If I may plug the 140kit (http://140kit.com) which is an open source Twitter mining and analytics solution that uses the streaming API to make downloading millions of Tweets in easily accessible formats quick and easy for anyone.
(doh, it looks like its down for some reason. Well, when it's back up- its there. I'm sure you could find the github repo and run it yourself since it is open source). Written in Rails.
I guess R is a bit more DIY than these frameworks, but it has a very large collection of tools. I've found libraries for everything from CART (classification and regression trees), to SVM, to HMM learning, to clustering, to EM. R with libraries from CRAN is my go-to tool for statistical learning.
R is great at 100s of thousands but fails miserably at millions. This seems especially true for clustering and regression. With the explosion of data collection, tools have to be able to easily take in and clean millions of records quickly.
Does anybody have experience with Orange or RapidMiner?
Something like SAS or DAP would be better suited for large data sets, as R tends to load everything on the RAM.
From http://www.gnu.org/software/dap/ : "Because Dap processes files one line at a time, rather than reading entire files into memory, it can be, and has been, used on data sets that have very many lines and/or very many variables."
Regarding R's processing power, I haven't found it to be an issue.

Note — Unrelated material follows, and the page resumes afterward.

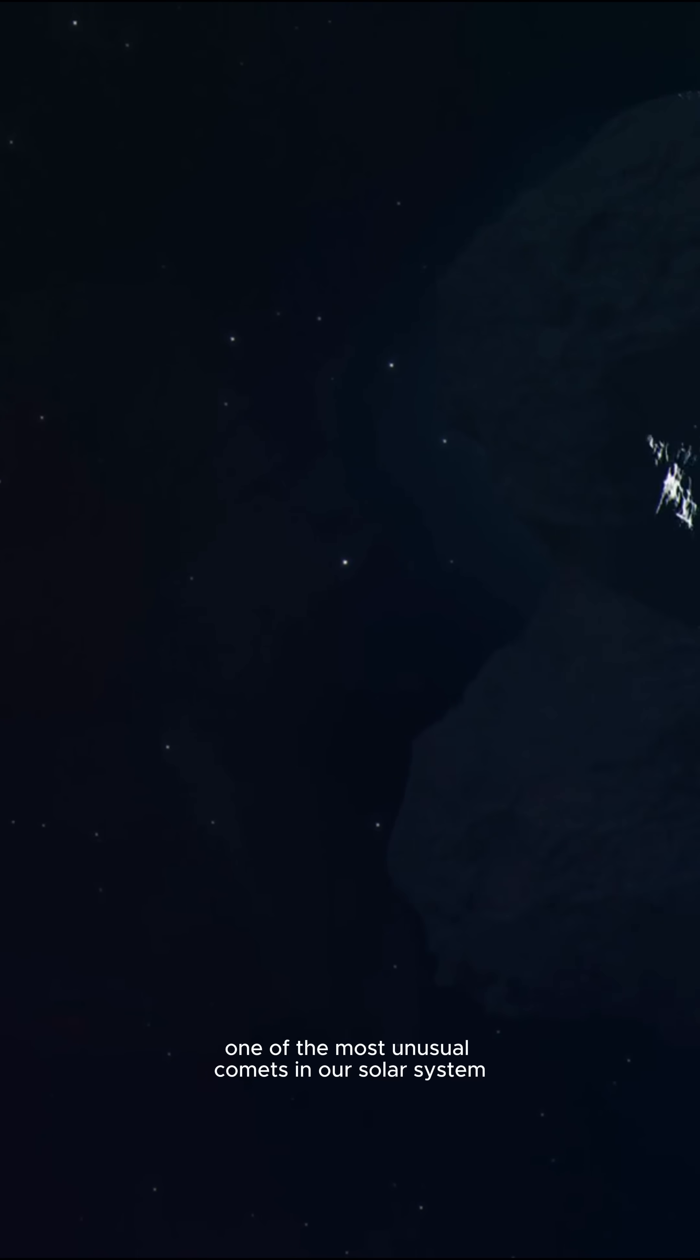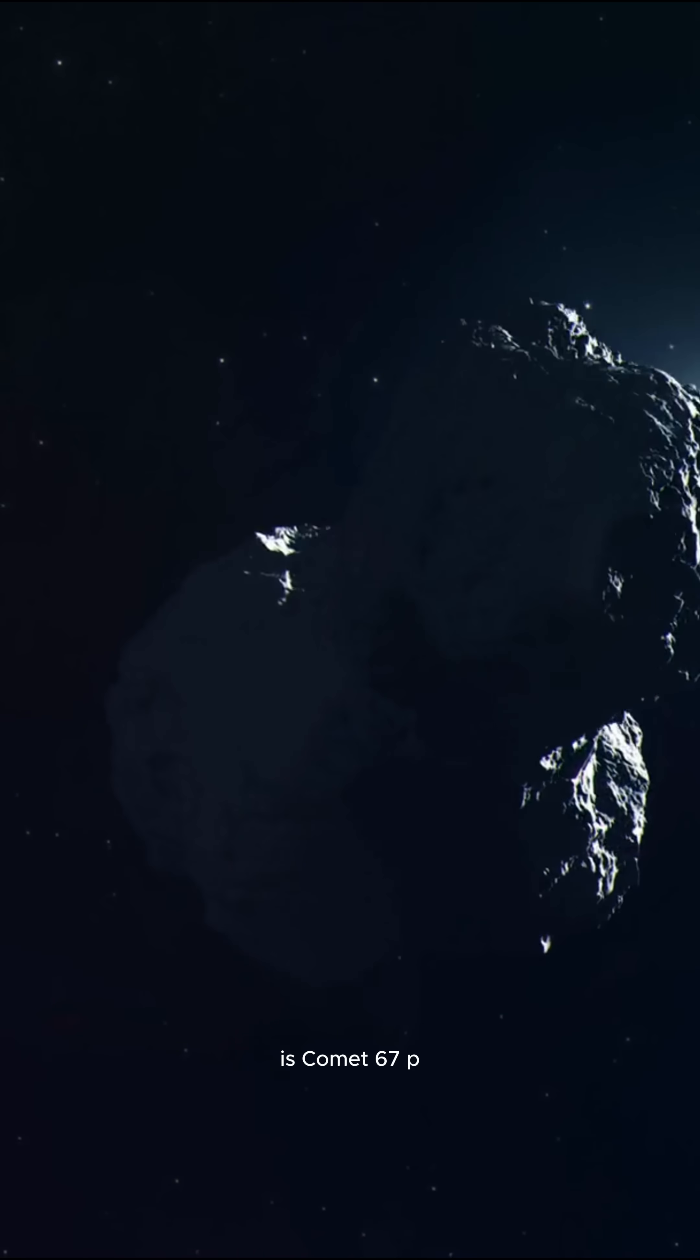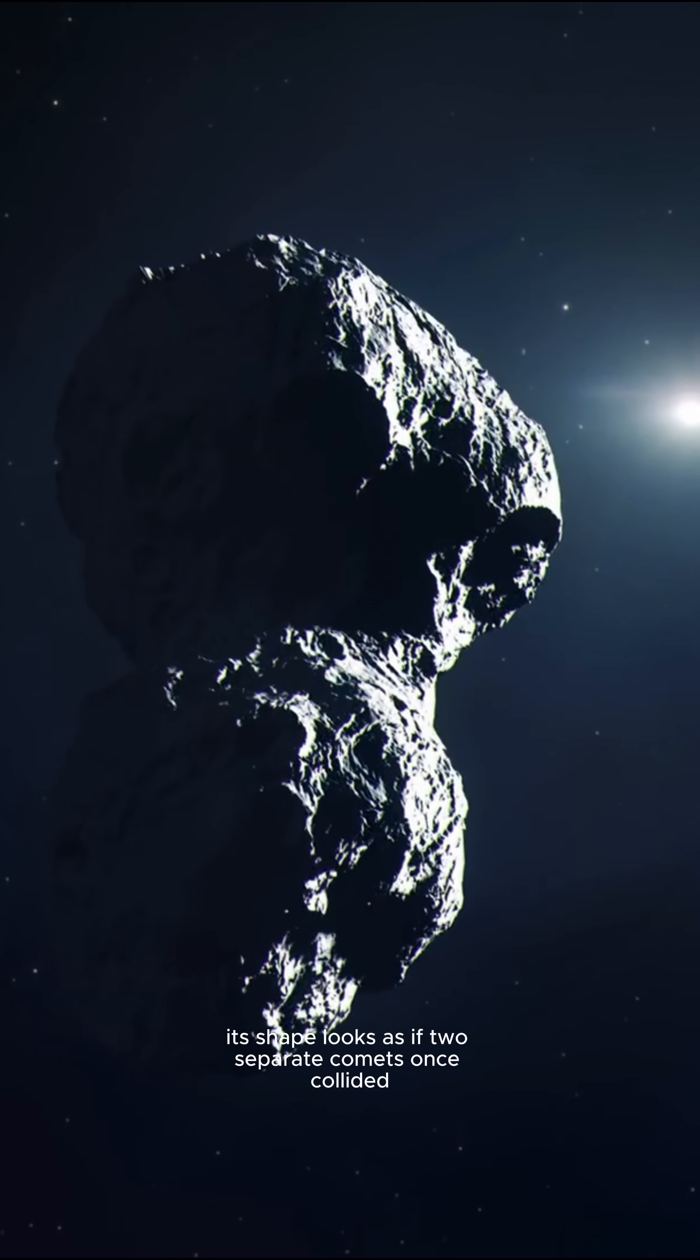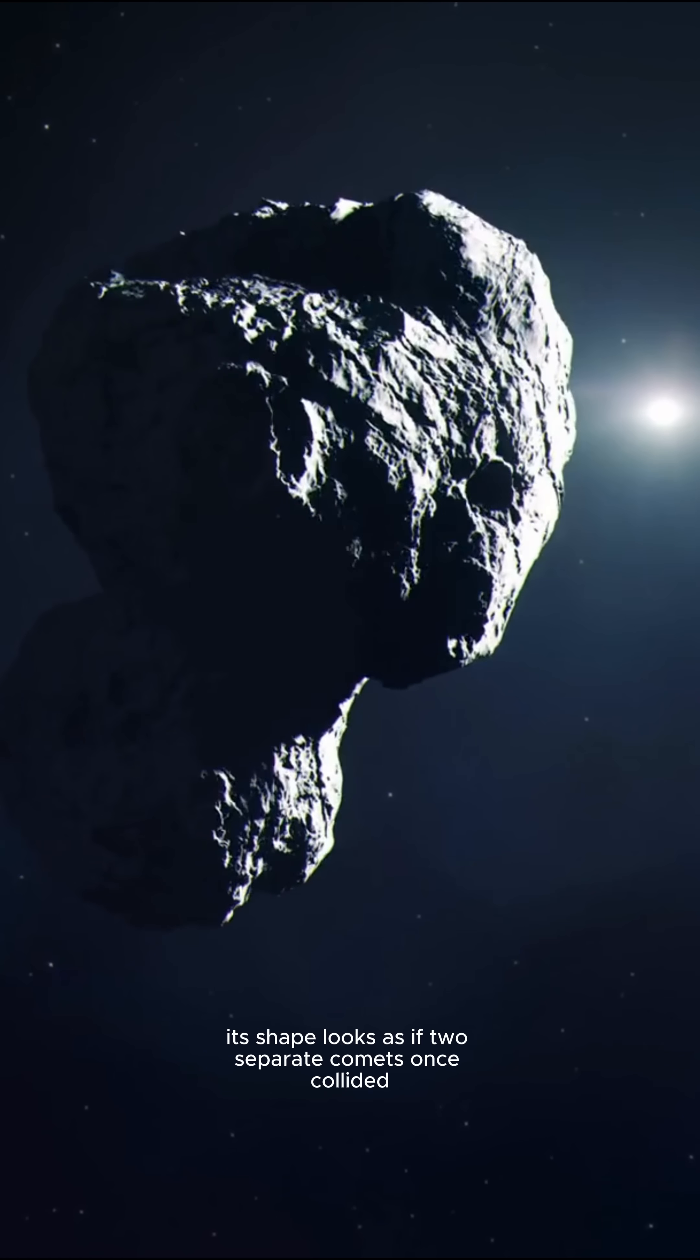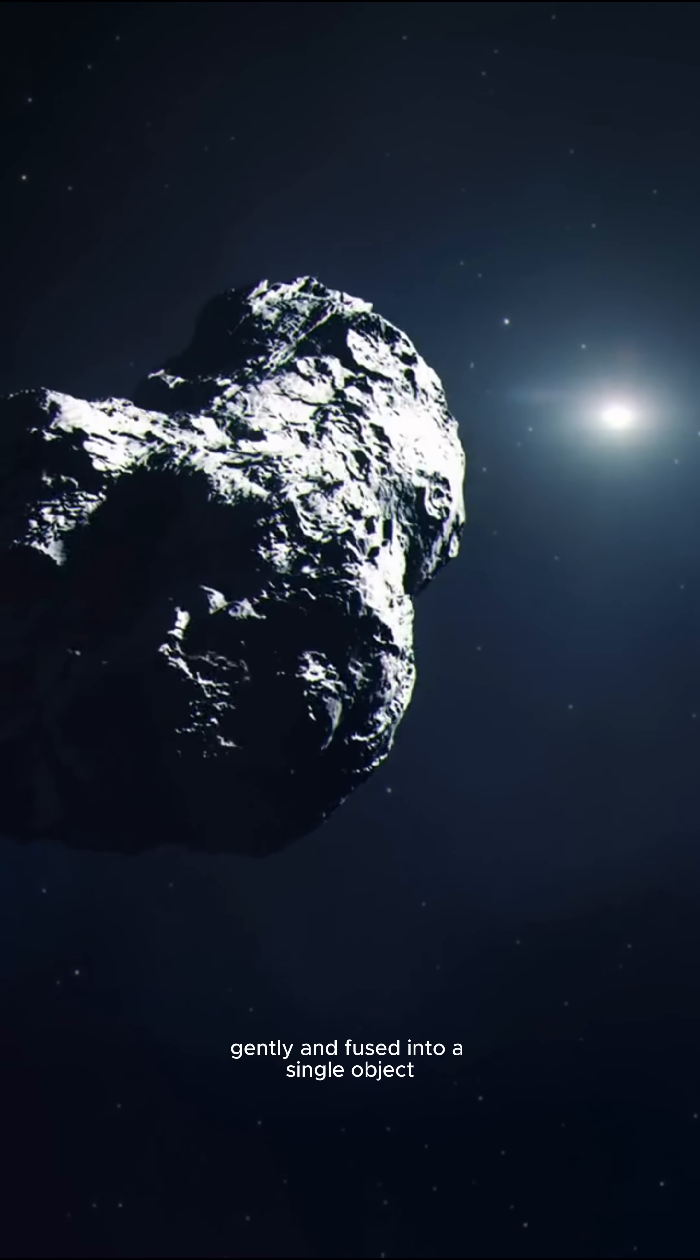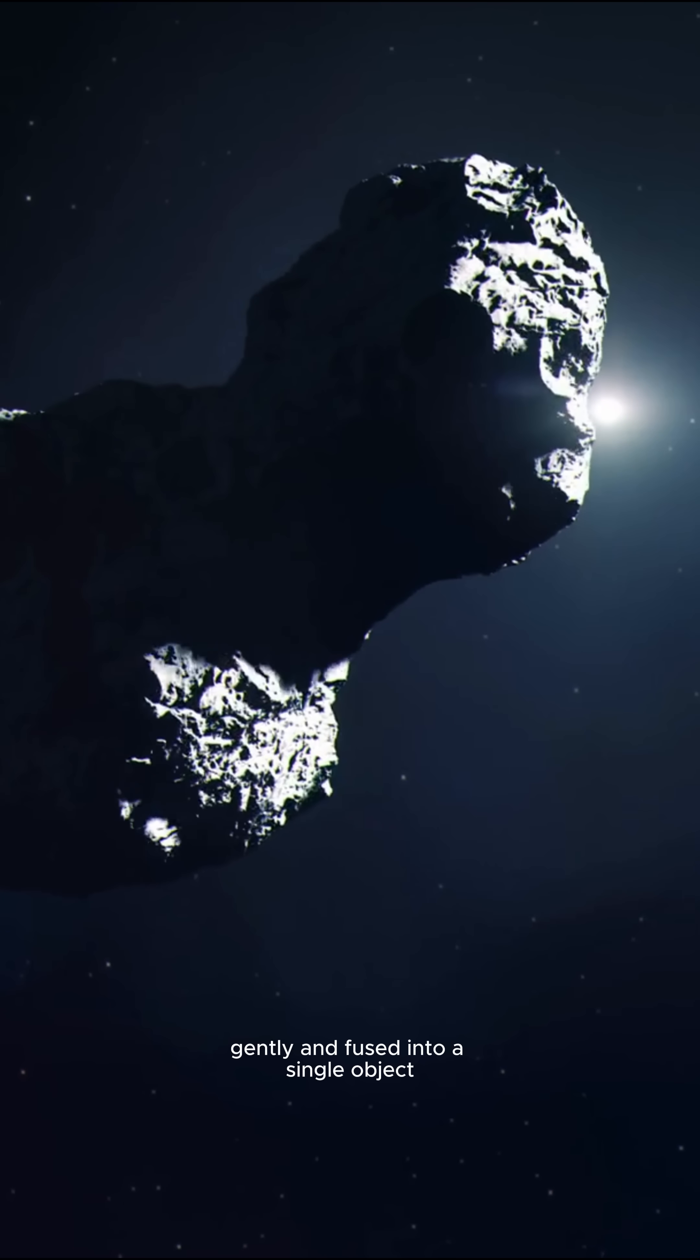One of the most unusual comets in our solar system is Comet 67P. Its shape looks as if two separate comets once collided gently and fused into a single object.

When building a model and testing, I use a sample of the data which is usually less than 100,000 observations. I use samples even when using a tool like SAS Enterprise Miner.
As far as scoring, I usually export using PMML and run it natively on the database. Makes for fast execution. PMML is available in R, RapidMiner, and other packages.
This is definitely a problem with R, although the biggest problem IMO is that a lot of libraries aren't multicore capable. Fixing the memory problem was just a matter of adding lots of ram into our workstation, we can't fix the "can't use more than one core at a time" problem as easily.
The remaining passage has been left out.